Philips hue on the iPad
You can adjust the color of light, from warm- to cool-white all the way to bright crayon colors. And, naturally, you can set timed events such as a gradual wake-up light in the morning or automatically turning off when you’re away on vacation. You can also set proximity events such as turning on or off as your iDevice gets closer or further away – no more coming home to a dark house or worrying that you left your lights on when you head out for the day. Kits start at $199 for 3 bulbs and a wireless bridge, and additional bulbs are $59 for a 4-pack.
This brings up all sorts of interesting possibilities. You could program it to wake you to bright, cool light in the morning and return to dimmer, warm lighting as you get home from work. Or, say you’re bringing home a special someone and want to keep the mood going without the jarring effects of having to turn on bright lights–set the proximity sensor to prepare the candlelit scene. If you combine it with the Lockitron app and the Nest thermostat to remotely unlock your door and have the heat turned up byt he time you get home, the possibilities become almost sci-fi-worthy. .

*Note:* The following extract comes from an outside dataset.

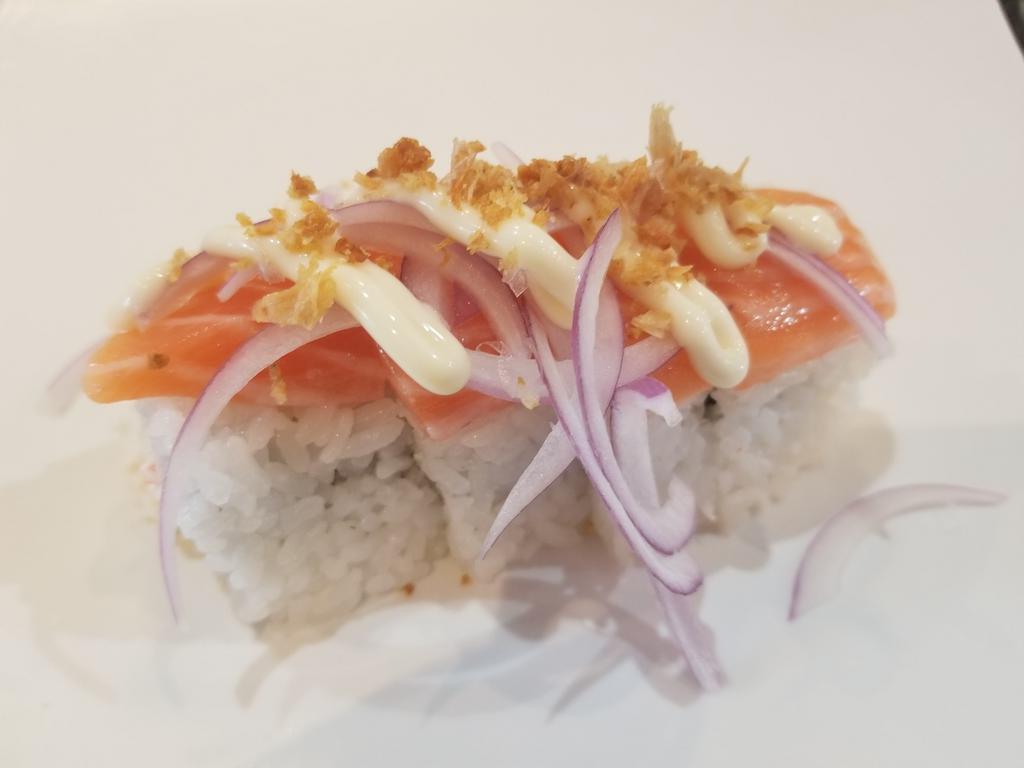 Tokyo Roll · 4 pieces. Crab salad topped with fresh salmon, red onions, fried garlic flakes, and mayo. Raw.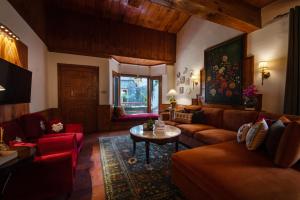 a living room with couches and a table in a room at Secret Garden Kalam in Kalām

With all these programmable devices, you’ve gotta wonder how much more damage a kid like Kevin McCallister (from Home Alone) would have been able to do. Forget dancing mannequins, how about a full-on robot rave while doxxing the burglars?
Think of the new possibilities for this scene!
App-controlled lighting, remote access thermostats, locking and unlocking your door with your phone–is technology just getting better and better, or are we starting to veer into “ridiculous” territory?